It would be a rock solid buy and hold at the appropriate valuation. I agree a 15 P/E would be a good point to start looking. Certainly not a stock you need to rush into at a 22 P/E after management basically said growth is going to be zero for 2015.


----------



## My Own Advisor

This company is not going anywhere and dividends will be hiked again soon.

"The Coca-Cola Company has paid a quarterly dividend since 1920 and has increased dividends in each of the last 50 years. The dividend payment amount below is the actual amount paid per common share."

http://www.coca-colacompany.com/investors/stock-history/investors-info-dividends


----------



## GOB

Dividends aren't going anywhere for sure. But yield is fairly low and payout ratio is over 65%. If they can't return to growth they'll be paying more and more of their earnings to the increasing dividend, and the stock may be stagnant. Have to wonder if there are better plays for the next 20-30 years of dividend growth, combined with capital appreciation. I think the junk food industry is nearing its peak.

When I'm looking for a dividend growth stock, I want to see a company that is committed to annual dividend increases. I don't really care if it's been 10 years or 50 years. At that point, it's the same to me. Future growth prospects become much more important.

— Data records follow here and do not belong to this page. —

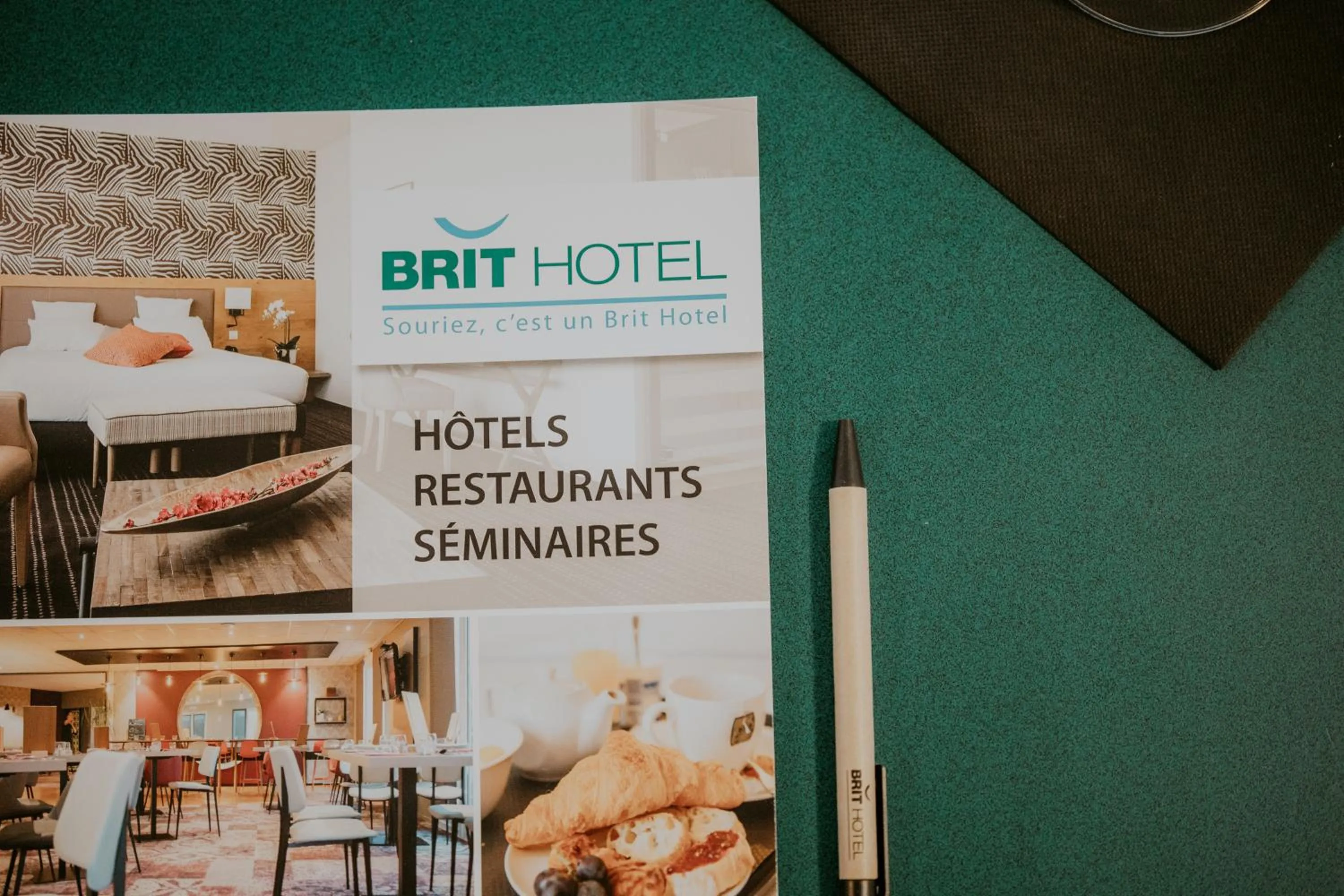 Meeting/conference room in Brit Hotel Le Parc Vichy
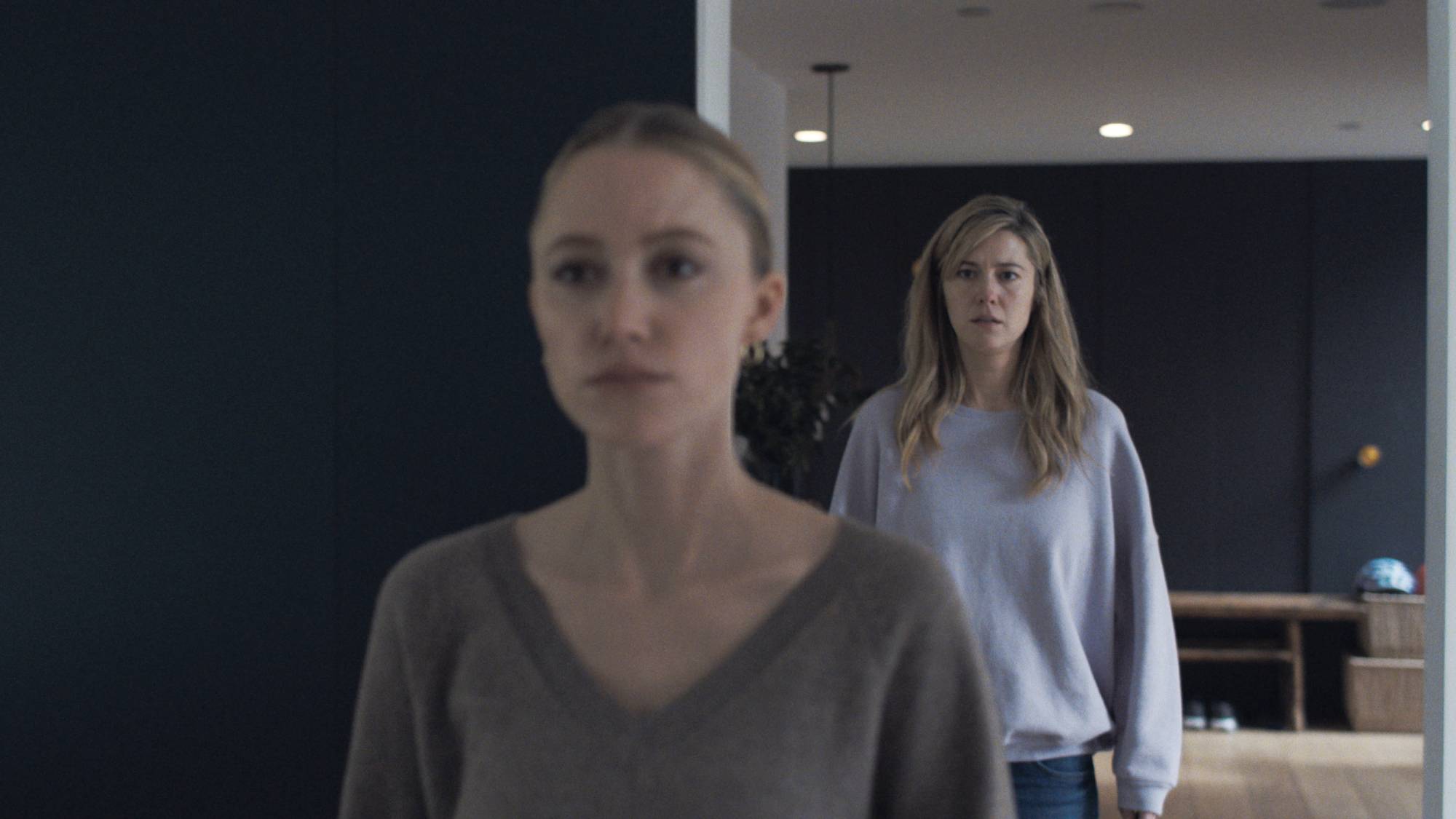 (L-R) Maika Monroe as Polly Murphy and Mary Elizabeth Winstead as Caitlin Morales in &quot;The Hand That Rocks the Cradle&quot;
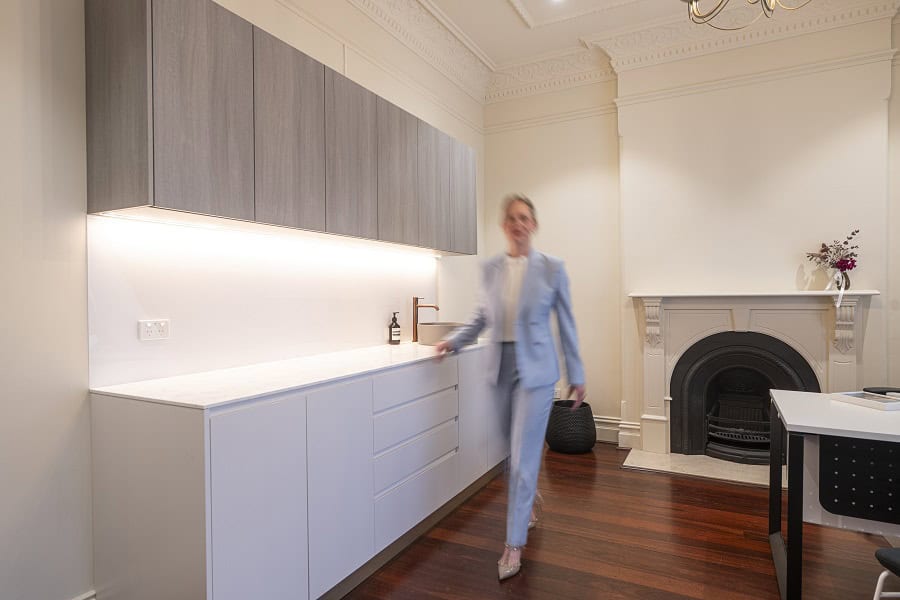 Stratos Dermatology and Laser Clinic - Dr Page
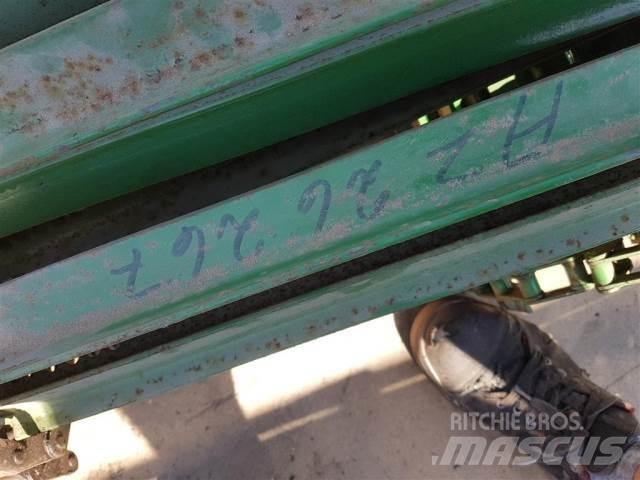 John Deere 942 Dodatna oprema za kombajne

After all, the best returns in KO would have been before it was established as a dividend champion, and though I didn't exist at the time I would argue it could have been foreseen that KO would be around and growing for a long time 20-30 years ago.


----------



## gibor365

_When I'm looking for a dividend growth stock, I want to see a company that is committed to annual dividend increases._ I also look for such company ... and KO is imho one of them... as well as PEP and MCD


----------



## cashinstinct

Dividend growth stock are so popular these days, but are they worth 20+ P/E ?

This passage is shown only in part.